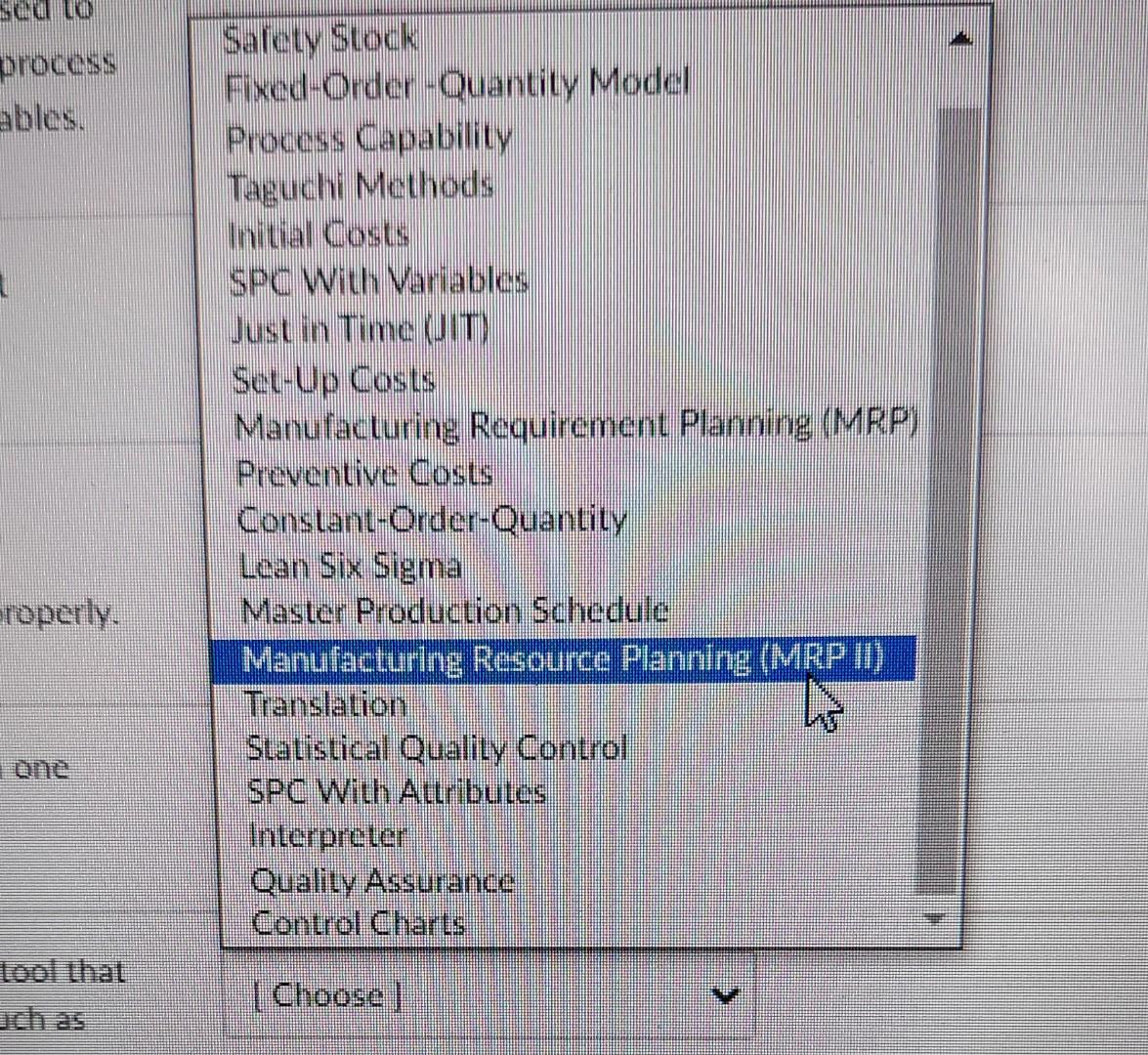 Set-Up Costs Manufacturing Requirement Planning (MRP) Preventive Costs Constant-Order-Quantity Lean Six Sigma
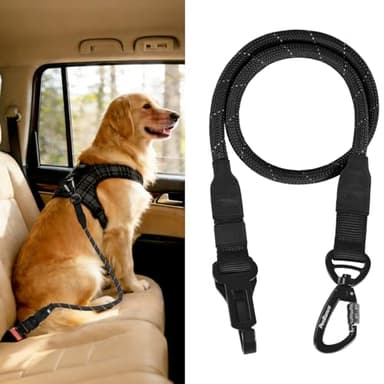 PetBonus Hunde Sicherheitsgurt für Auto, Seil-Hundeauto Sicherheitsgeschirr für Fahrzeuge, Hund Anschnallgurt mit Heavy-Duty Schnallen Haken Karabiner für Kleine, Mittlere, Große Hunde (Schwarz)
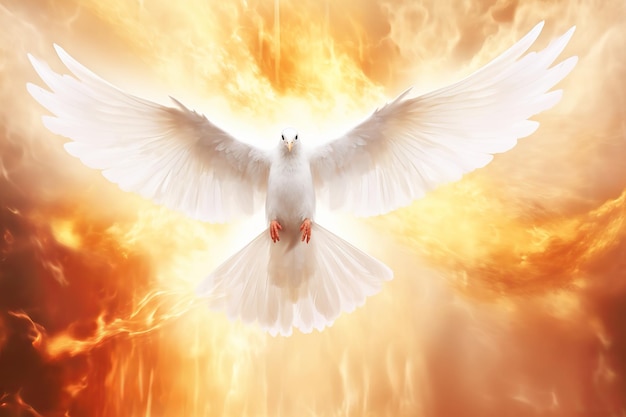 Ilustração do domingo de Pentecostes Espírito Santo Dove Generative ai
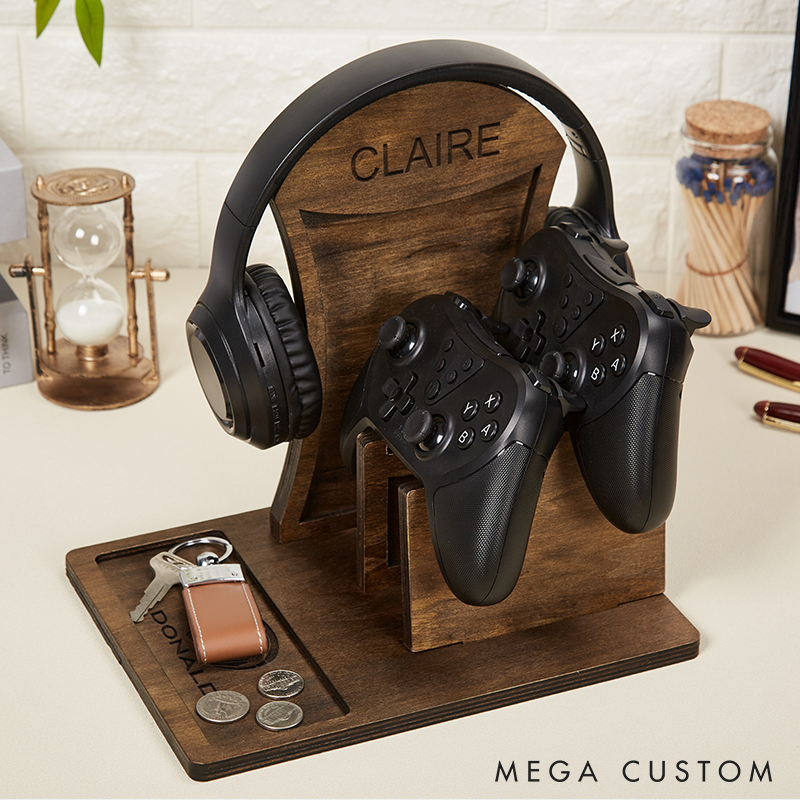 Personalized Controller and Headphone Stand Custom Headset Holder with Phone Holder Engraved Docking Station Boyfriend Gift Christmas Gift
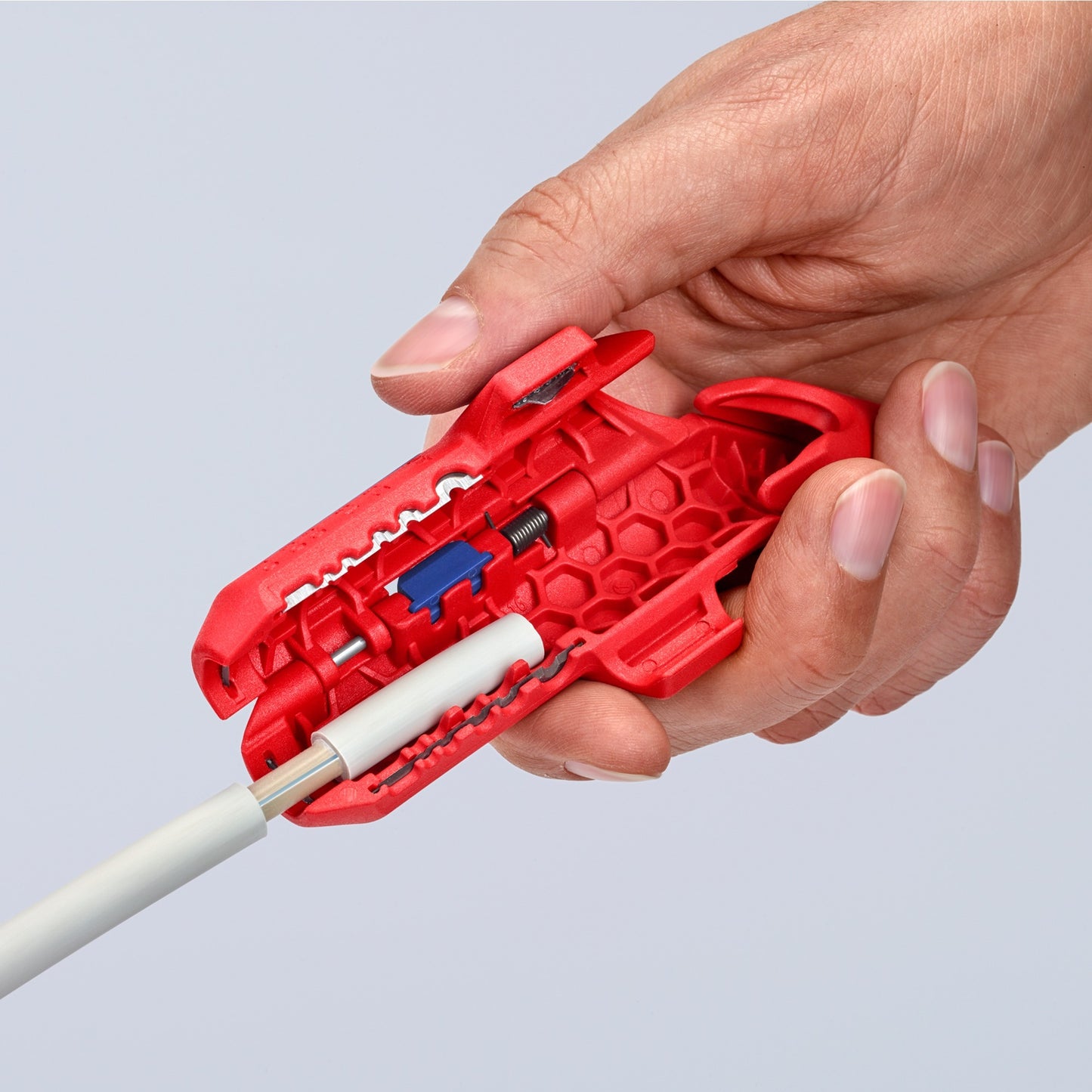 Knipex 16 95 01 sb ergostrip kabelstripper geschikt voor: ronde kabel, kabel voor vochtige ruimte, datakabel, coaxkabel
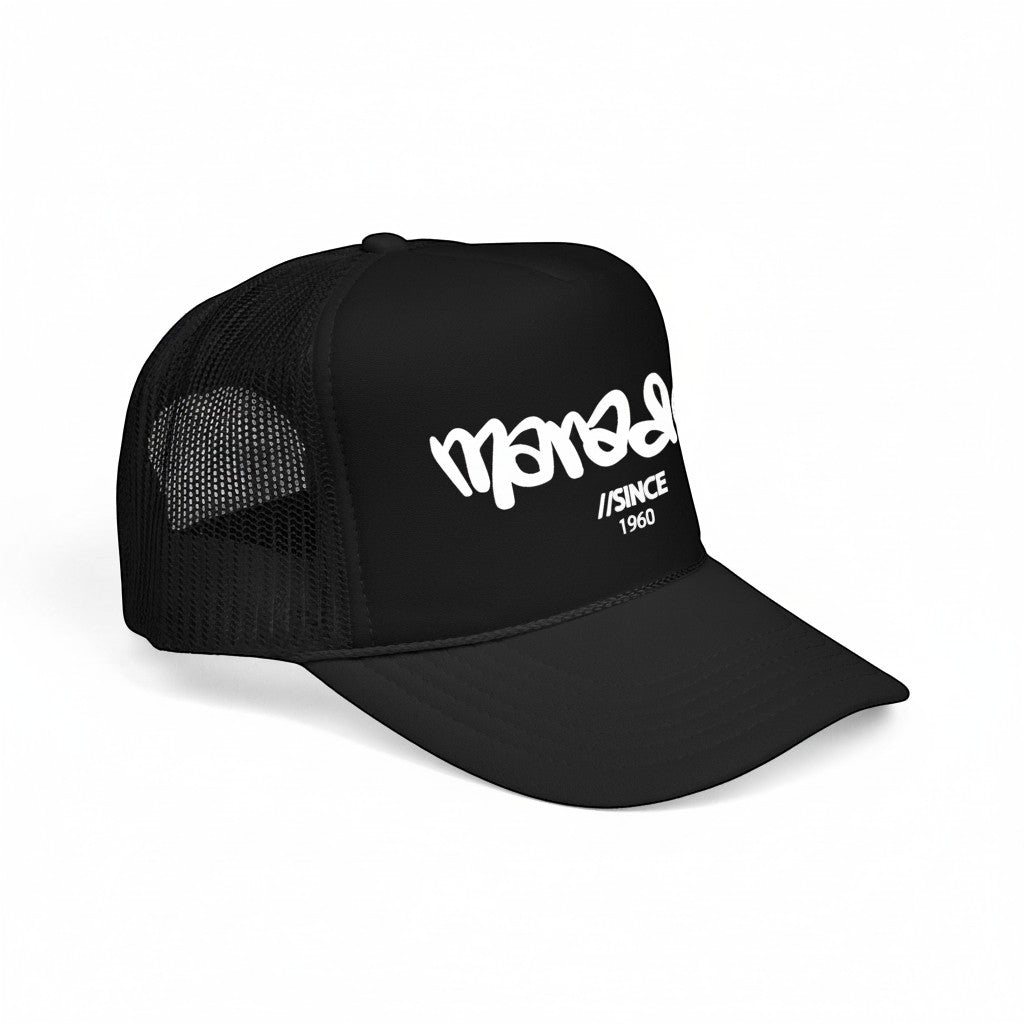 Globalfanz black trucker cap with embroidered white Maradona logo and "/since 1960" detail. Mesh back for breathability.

------------------------------

== Work required ==
Could you retype each line of the material above exactly, skipping the pictures?

== Written solution ==
 Set-Up Costs Manufacturing Requirement Planning (MRP) Preventive Costs Constant-Order-Quantity Lean Six Sigma
 PetBonus Hunde Sicherheitsgurt für Auto, Seil-Hundeauto Sicherheitsgeschirr für Fahrzeuge, Hund Anschnallgurt mit Heavy-Duty Schnallen Haken Karabiner für Kleine, Mittlere, Große Hunde (Schwarz)
 Ilustração do domingo de Pentecostes Espírito Santo Dove Generative ai
 Personalized Controller and Headphone Stand Custom Headset Holder with Phone Holder Engraved Docking Station Boyfriend Gift Christmas Gift
 Knipex 16 95 01 sb ergostrip kabelstripper geschikt voor: ronde kabel, kabel voor vochtige ruimte, datakabel, coaxkabel
 Globalfanz black trucker cap with embroidered white Maradona logo and "/since 1960" detail. Mesh back for breathability.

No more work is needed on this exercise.